*Dataset section:*
/---

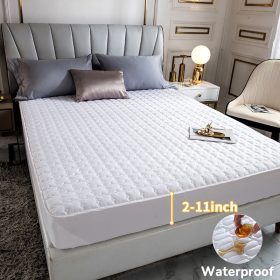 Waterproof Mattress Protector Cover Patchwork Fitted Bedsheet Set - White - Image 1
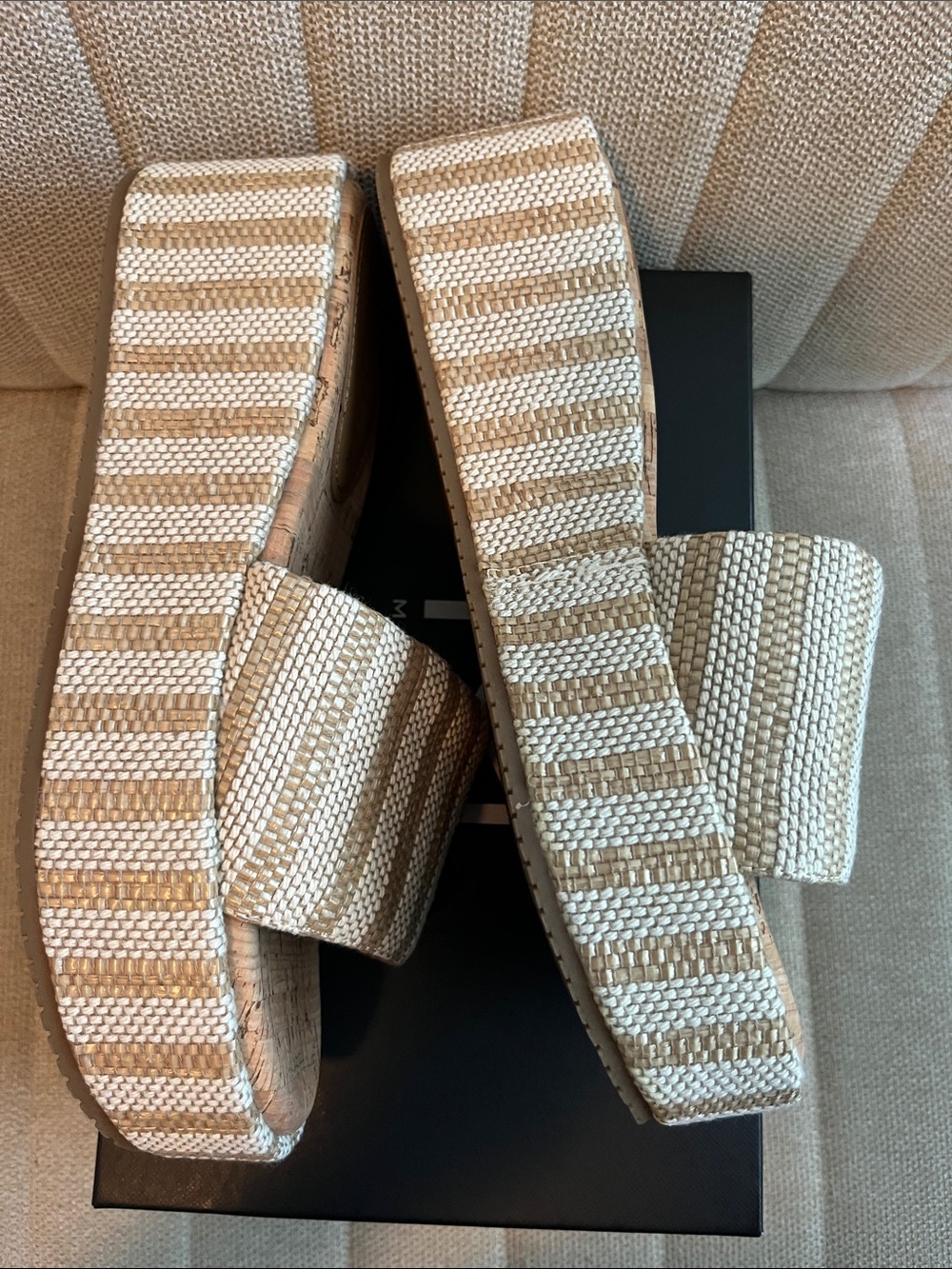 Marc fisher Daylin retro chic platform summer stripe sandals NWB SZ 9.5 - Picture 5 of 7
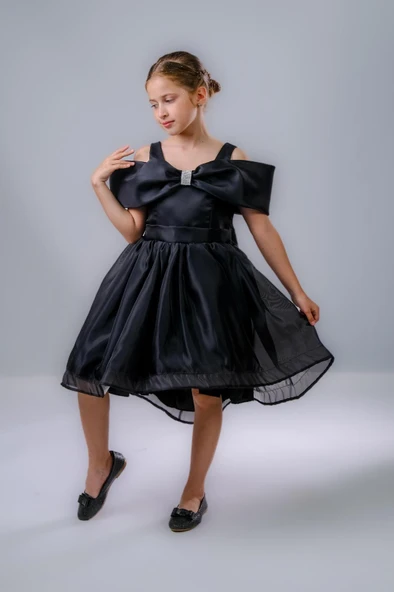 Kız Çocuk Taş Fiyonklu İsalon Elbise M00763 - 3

\---

*Assignment:*
No picture should be included when the data are set down again exactly.

*Your response:*
 Waterproof Mattress Protector Cover Patchwork Fitted Bedsheet Set - White - Image 1
 Marc fisher Daylin retro chic platform summer stripe sandals NWB SZ 9.5 - Picture 5 of 7
 Kız Çocuk Taş Fiyonklu İsalon Elbise M00763 - 3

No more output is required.